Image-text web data
▬▬▬▬▬▬
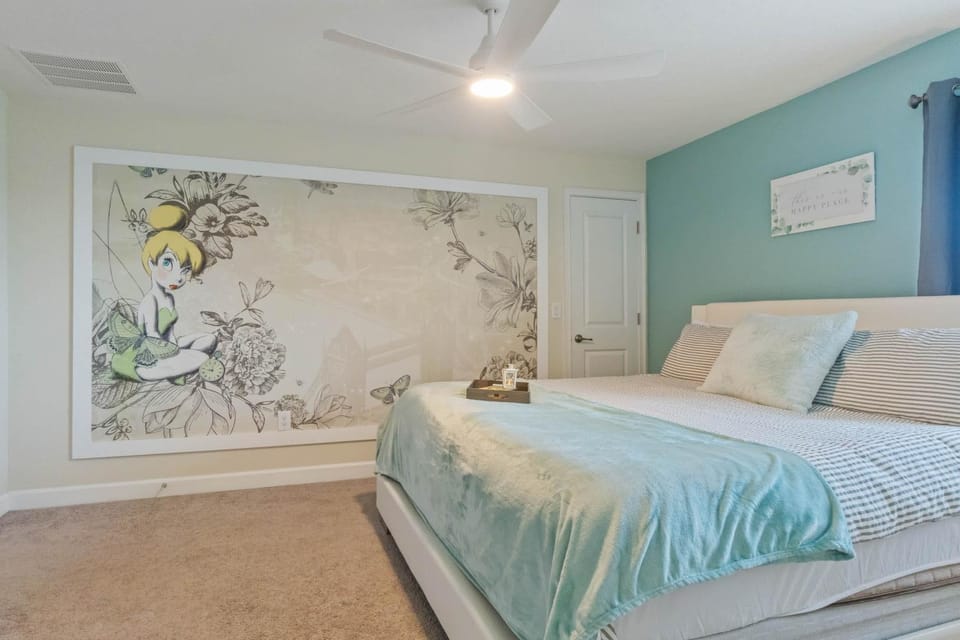 Hollywood Retreat - Sleeps 14 House in Four Corners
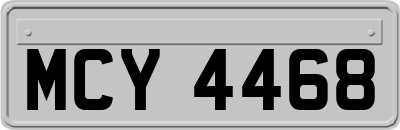 MCY4468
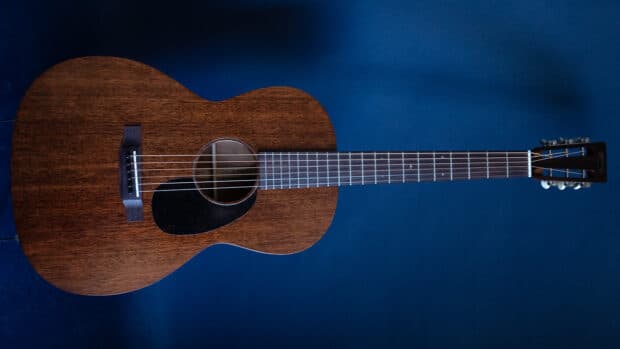 New Martin 000-15SM #938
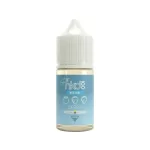 Naked 100 Colombia Edition Salt Berry Menthol 30ml E-Juice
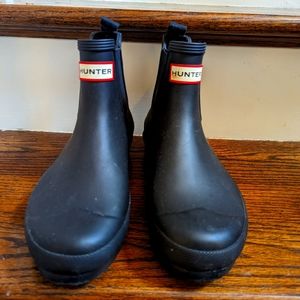 Original Chelsea Hunter boots
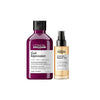 Loreal Professionnel Curl Expression Repair Duo Bundle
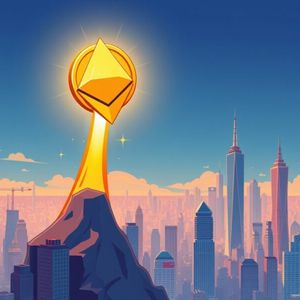 Ethereum All-Time High: Unprecedented Surge After Four Years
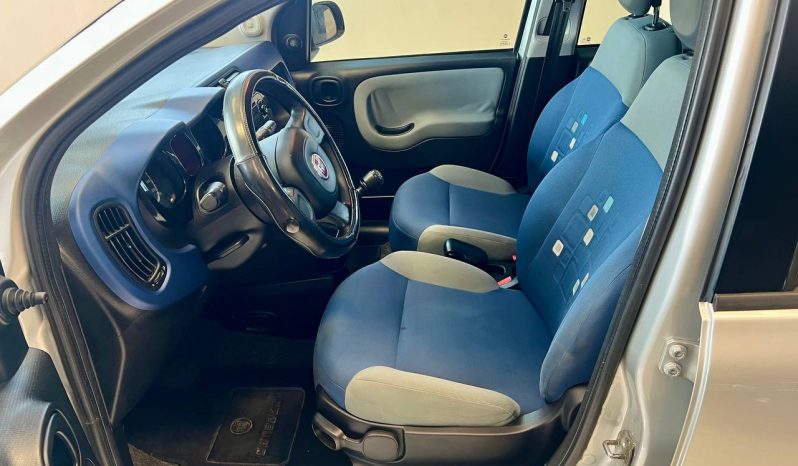 FIAT PANDA full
▬▬▬▬▬▬
**Task details**
Without the pictures, extract every entry verbatim.

**Exercise response**
 Hollywood Retreat - Sleeps 14 House in Four Corners
 MCY4468
 New Martin 000-15SM #938
 Naked 100 Colombia Edition Salt Berry Menthol 30ml E-Juice
 Original Chelsea Hunter boots
 Loreal Professionnel Curl Expression Repair Duo Bundle
 Ethereum All-Time High: Unprecedented Surge After Four Years
 FIAT PANDA full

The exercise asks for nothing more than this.